(Task goal):
Whatever appears in the records apart from pictures must be reproduced exactly.

(Given records):
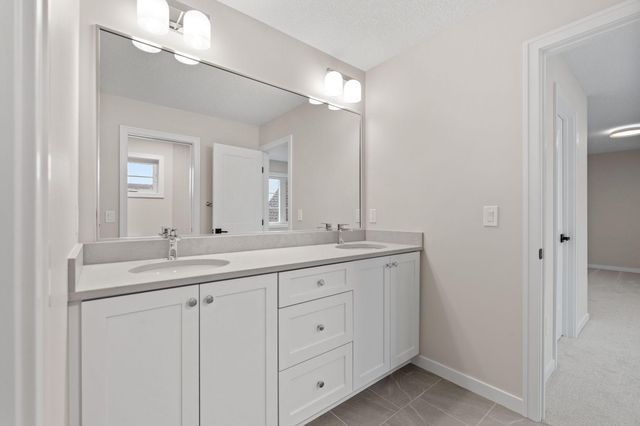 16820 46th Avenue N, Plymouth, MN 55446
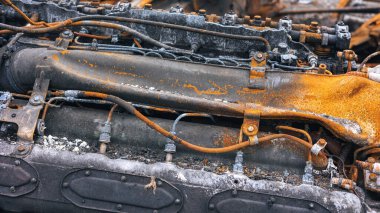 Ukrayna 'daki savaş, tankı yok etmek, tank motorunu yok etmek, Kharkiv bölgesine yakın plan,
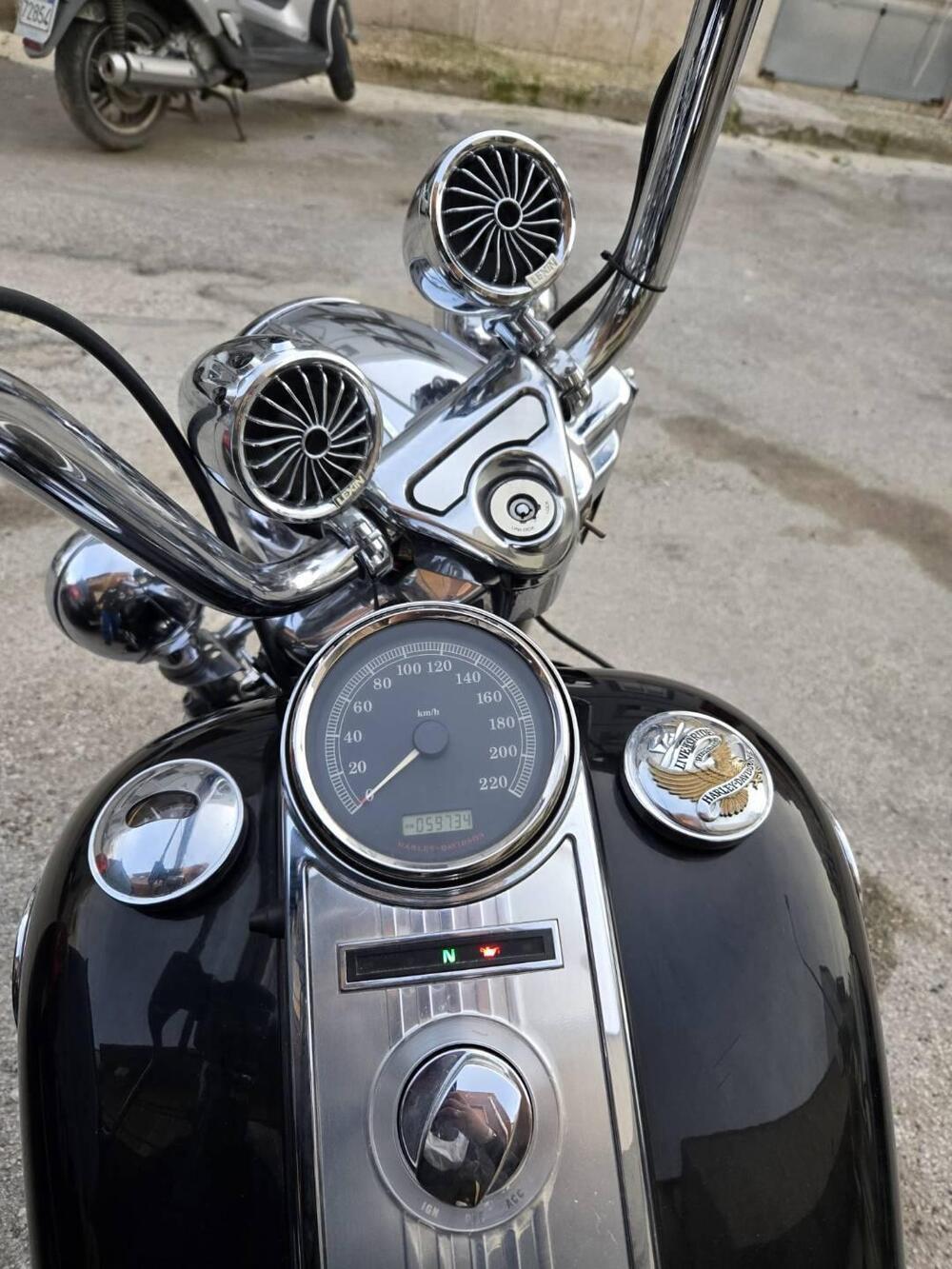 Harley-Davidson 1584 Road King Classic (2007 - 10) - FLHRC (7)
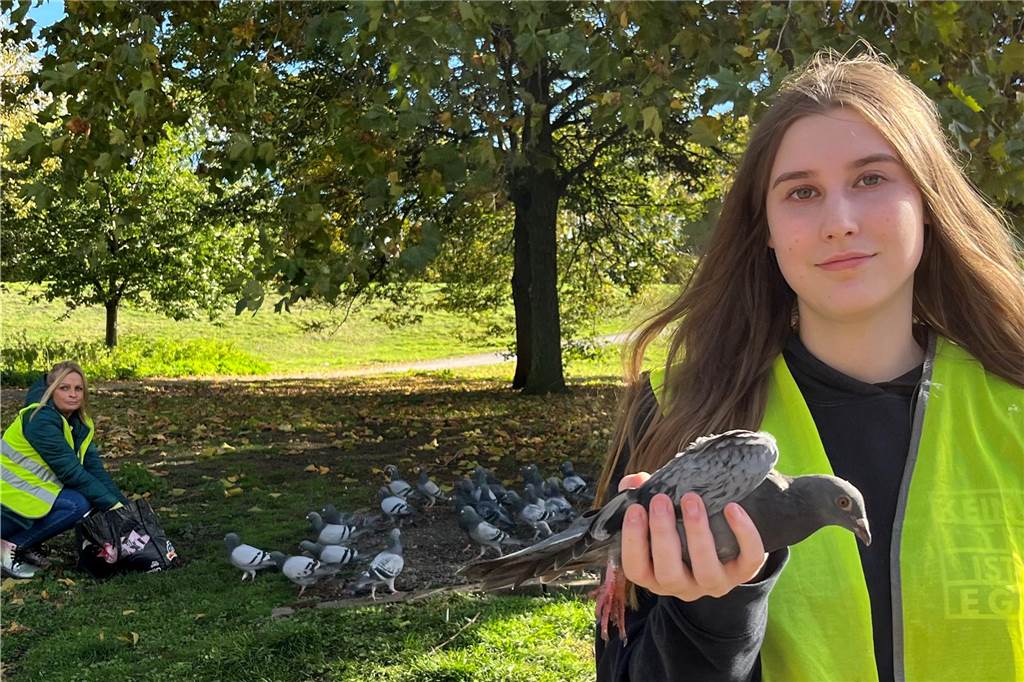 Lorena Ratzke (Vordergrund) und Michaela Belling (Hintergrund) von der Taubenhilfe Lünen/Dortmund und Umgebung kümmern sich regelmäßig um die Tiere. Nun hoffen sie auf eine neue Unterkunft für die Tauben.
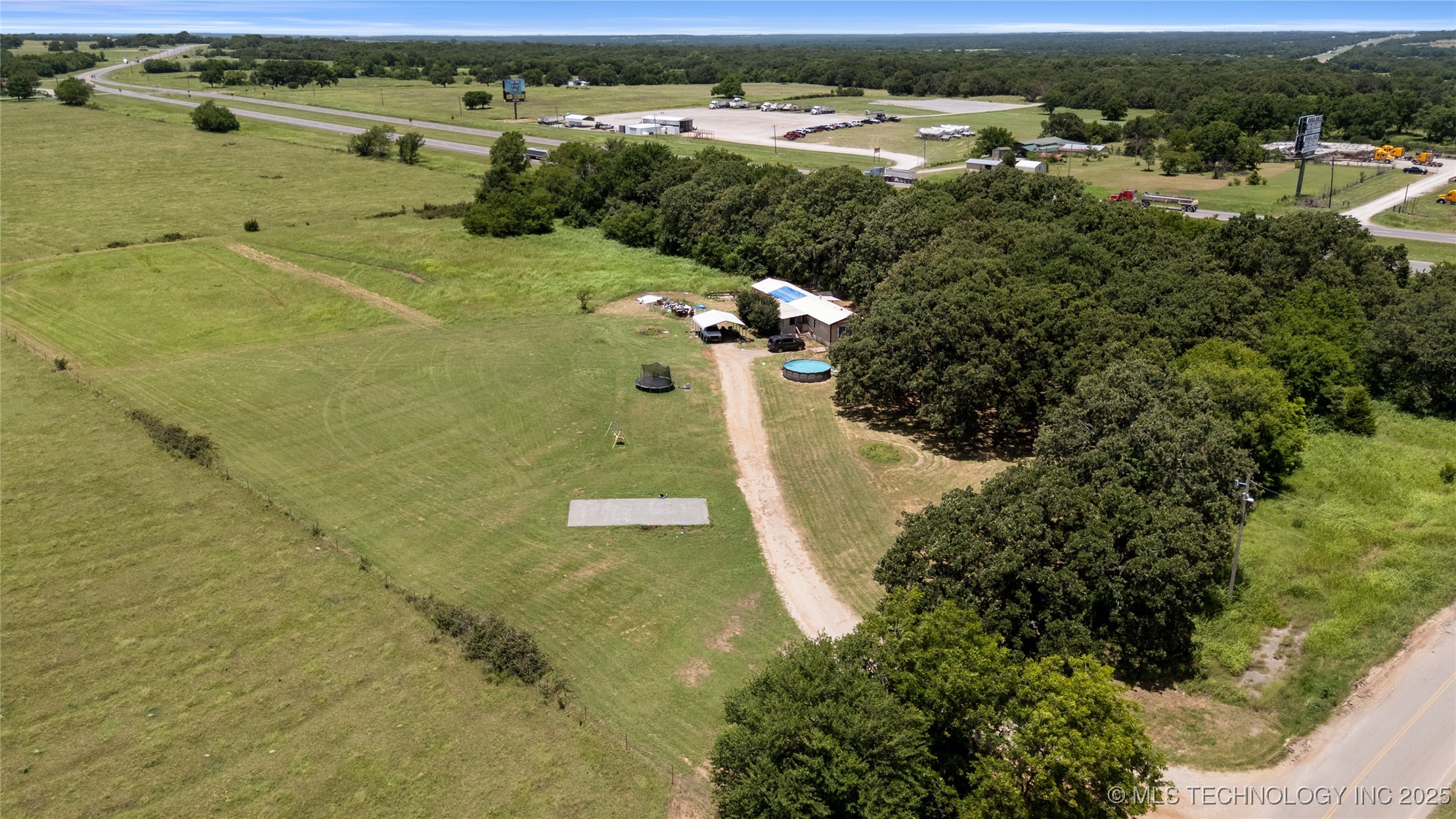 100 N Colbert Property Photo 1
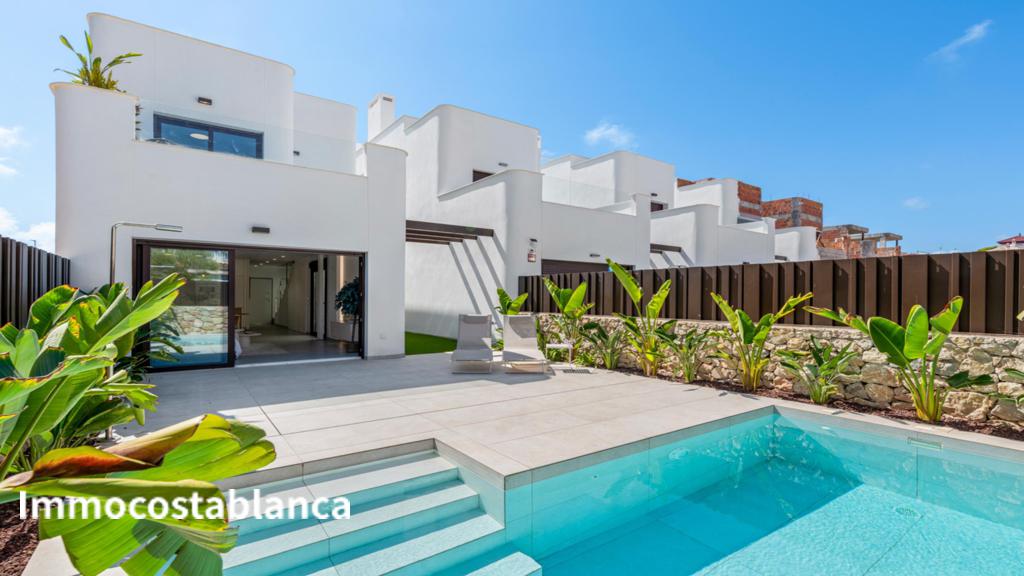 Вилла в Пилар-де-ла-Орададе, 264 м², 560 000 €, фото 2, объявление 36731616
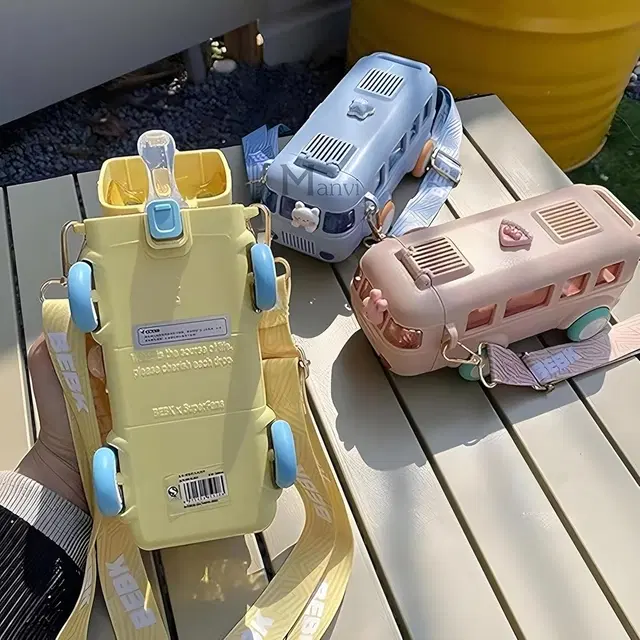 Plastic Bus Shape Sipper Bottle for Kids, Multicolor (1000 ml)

(Result of this task):
 16820 46th Avenue N, Plymouth, MN 55446
 Ukrayna 'daki savaş, tankı yok etmek, tank motorunu yok etmek, Kharkiv bölgesine yakın plan,
 Harley-Davidson 1584 Road King Classic (2007 - 10) - FLHRC (7)
 Lorena Ratzke (Vordergrund) und Michaela Belling (Hintergrund) von der Taubenhilfe Lünen/Dortmund und Umgebung kümmern sich regelmäßig um die Tiere. Nun hoffen sie auf eine neue Unterkunft für die Tauben.
 100 N Colbert Property Photo 1
 Вилла в Пилар-де-ла-Орададе, 264 м², 560 000 €, фото 2, объявление 36731616
 Plastic Bus Shape Sipper Bottle for Kids, Multicolor (1000 ml)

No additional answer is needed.